The Right Reverend Rubin Phillip grew up in the poor neighbourhood of Clairwood where he was born on 30th March 1948 into a non-religious household. At the age of 16, Bishop Rubin Phillip attended St Michaels Church in Merebank where he met the love of his life at youth group, Rosemary Phillip, whom he later married. When he was 23, Phillip decided he wanted to become an ordained priest in the Anglican Church.
He entered the priesthood in 1971 and was consecrated Bishop by Archbishop Desmond Tutu in 1995. He was one of the very first bishops of colour in the Anglican Diocese of Natal. He became the first non-white South African to hold the position of Bishop of KwaZulu-Natal in 2000.
Bishop Phillip was involved in the Black Consciousness Movement and was Deputy President to Steve Biko in the South African Students Organisation in 1969. He was instrumental in the struggle against apartheid and spent three years under house arrest. By virtue of his humble roots, Philip has championed the cause of Abahlali baseMjondolo, the shack-dwellers movement of Kennedy Road.
In 2008, Phillip successfully obtained a court order preventing arms shipments destined for Zimbabwe being transported through South Africa. He campaigned for protection and provided refuge to Zimbabweans during the xenophobic attacks in the same year.
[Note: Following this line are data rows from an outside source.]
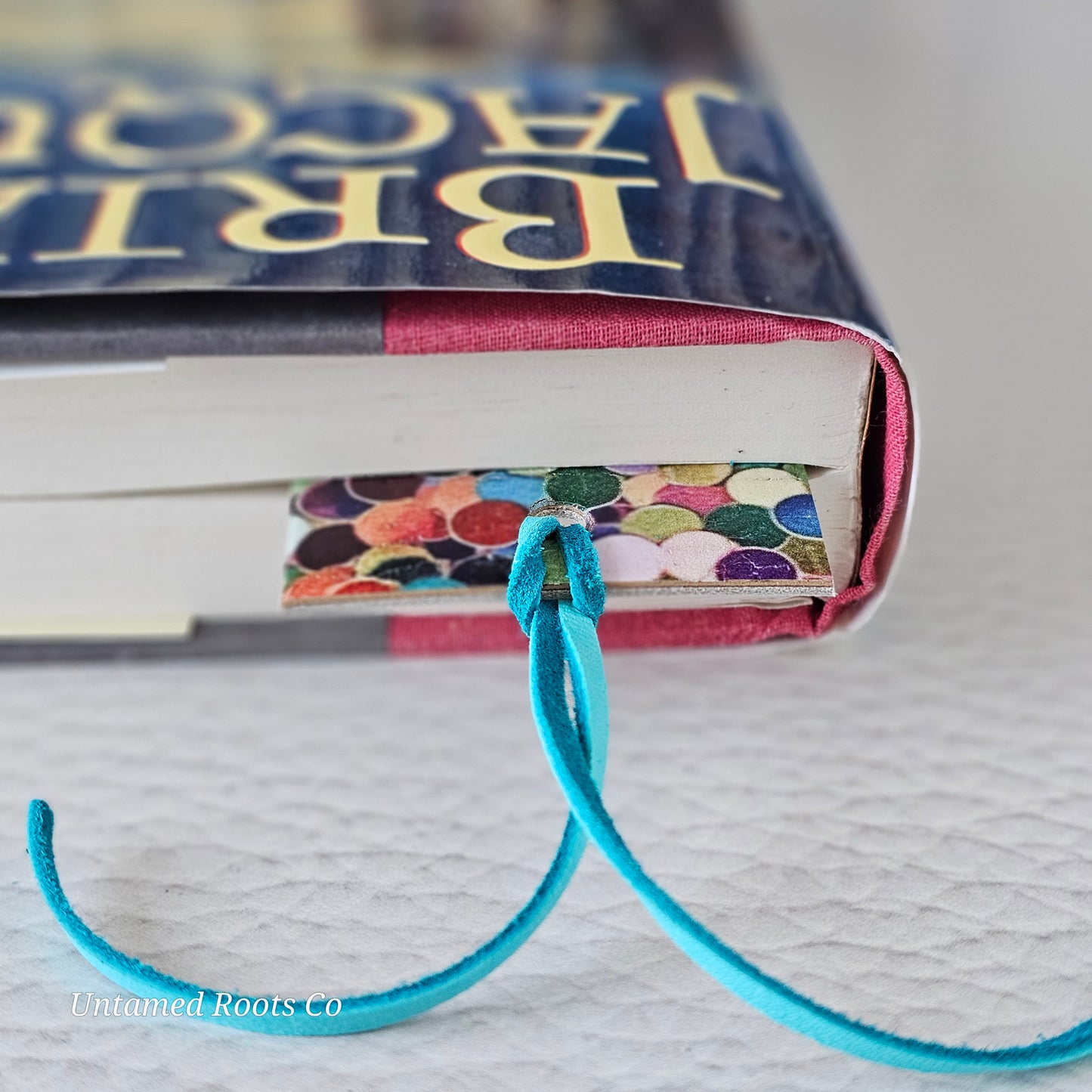 Colorful Confetti Leather Bookmark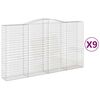 vidaXL Schanskorven 9 st gewelfd 400x50x220/240 cm ijzer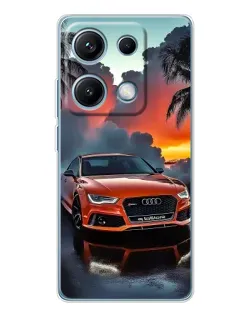 Чехол для Xiaomi Redmi Note 14S с картинкой «Audi — закат»
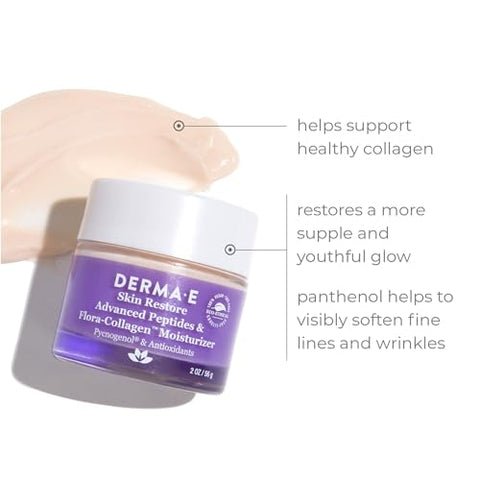 Derma E - DERMA-E Creme Facial de Colágeno e Peptídeos Avançados – Hidratante Dupla Ação com Complexo de Peptídeos – Creme Intensivo Dia e Noite para Mulheres – Colágeno Natural – 50g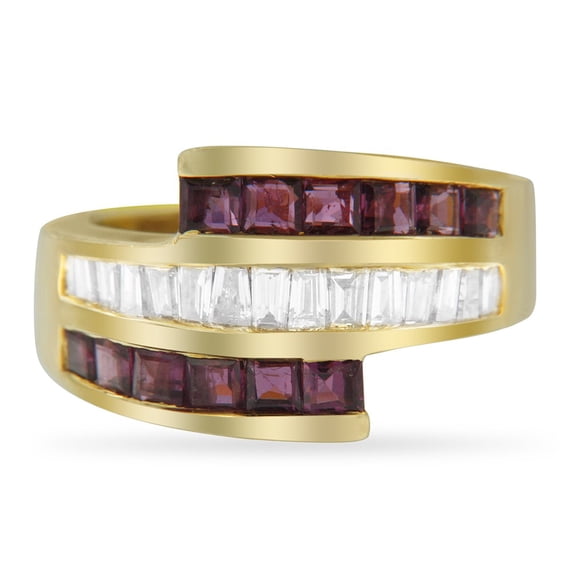 14K Yellow Gold 2.3ct TDW Treated Ruby Gemstone and Diamond Band (H-I ,SI1-SI2)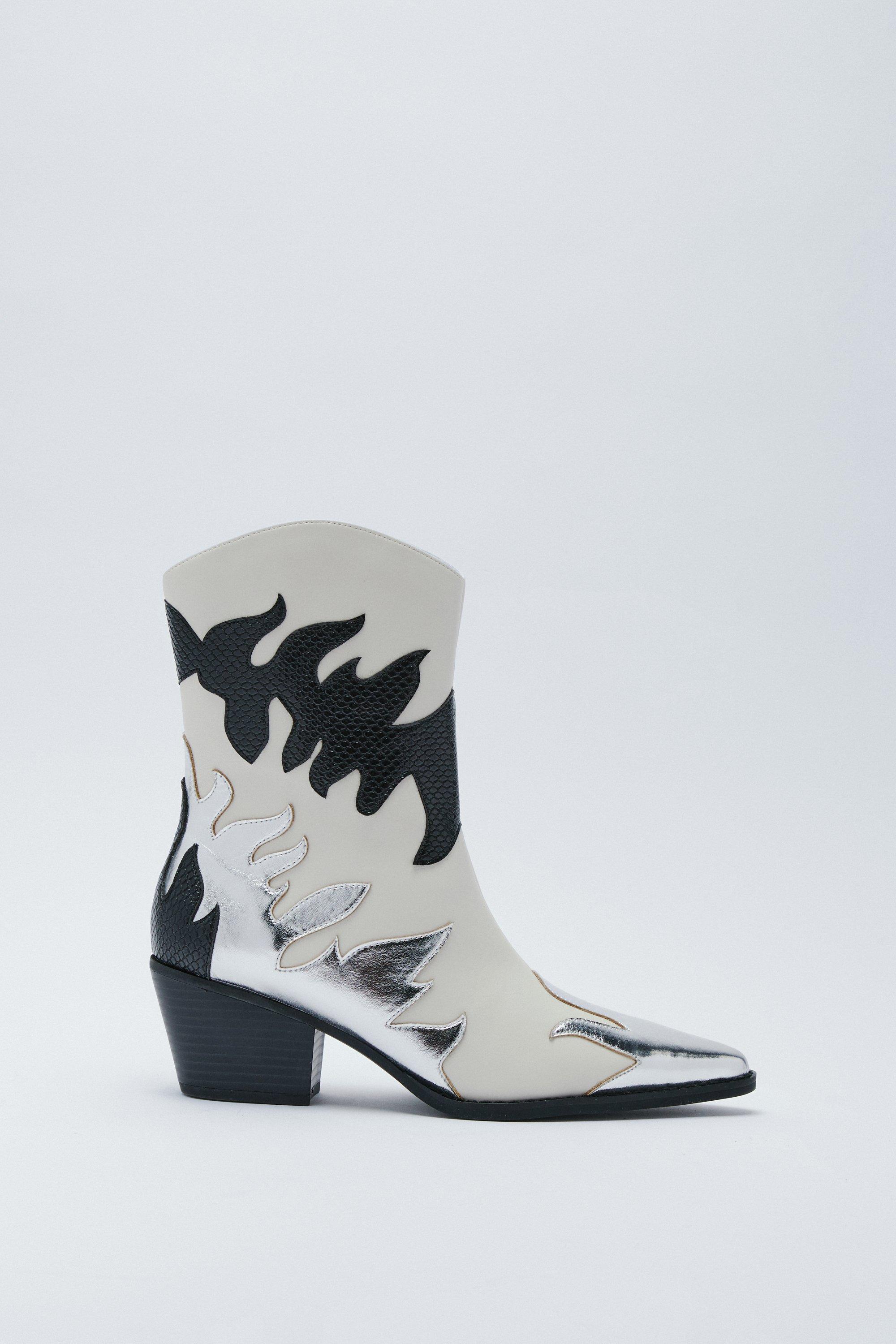 Nasty gal black and white outlet boots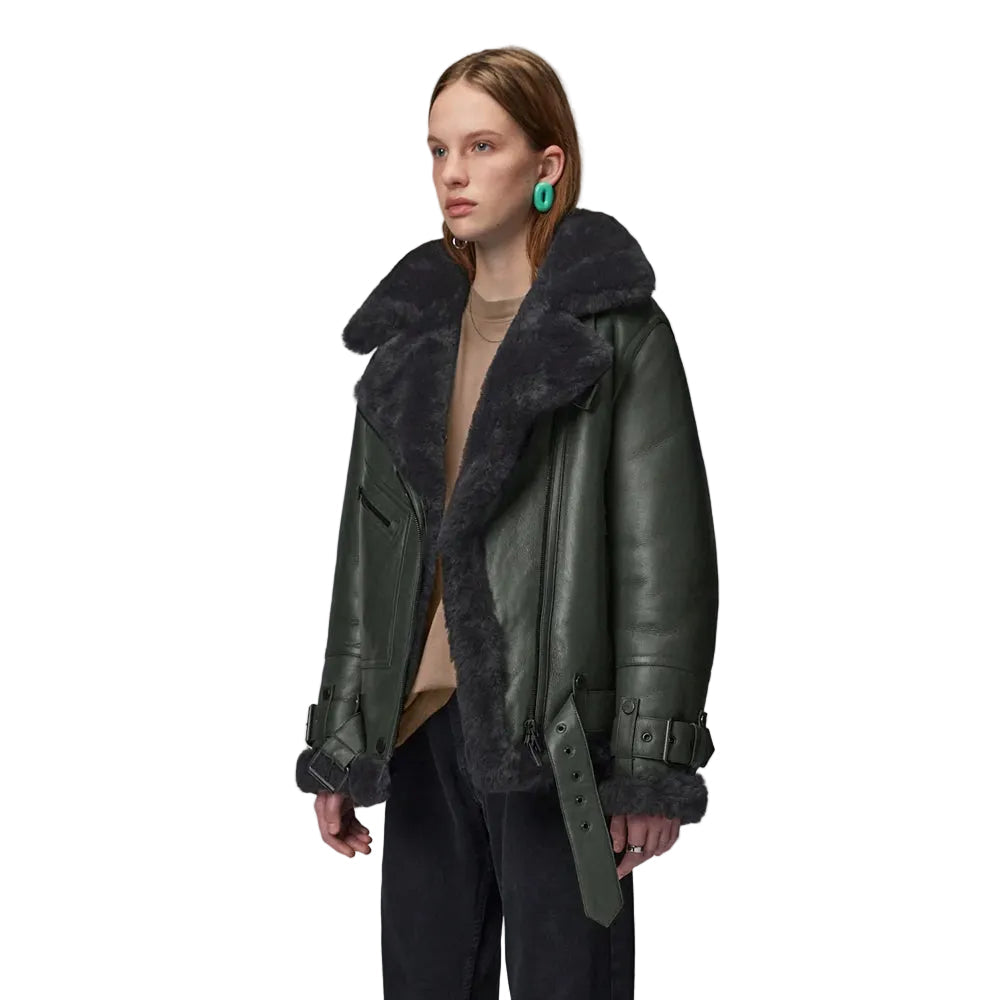 Women Green RAF Aviator Styled Lambskin Black Shearling Leather Jacket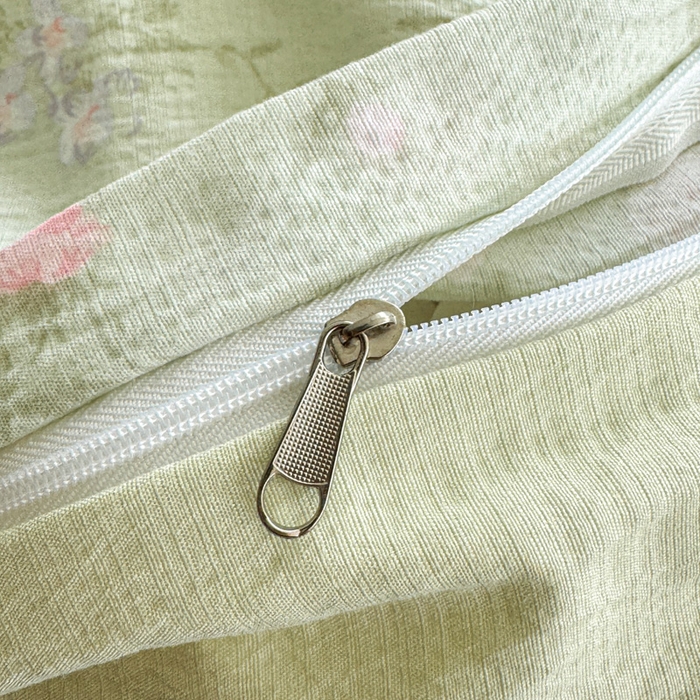 91家纺网 家纺一手货源 找家纺 温眠家纺 2025新款云感针织双层纱四件套 木槿绿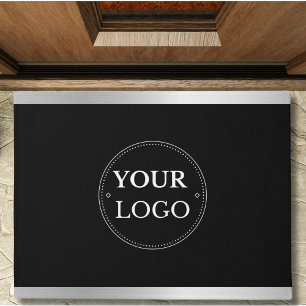 Business Logo Faux Silver Black Promo Branding Doormat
In recognition of his involvement in the anti-apartheid movement and his ongoing work to offer solidarity to displaced people, victims of persecutions and detainees, Bishop Phillip received the Bremen International Peace Prize and the Diakonia Award.
Today, Bishop Phillip’s commitment to peace-making, reconciliation and mediation throughout the province are a shining example of what can be achieved, not only through the strength of one’s beliefs, but also through the strength of one’s actions. He remains involved in issues of peace, justice and human rights in both South Africa and Zimbabwe. He continues to take political stances and remains connected to grassroots struggles.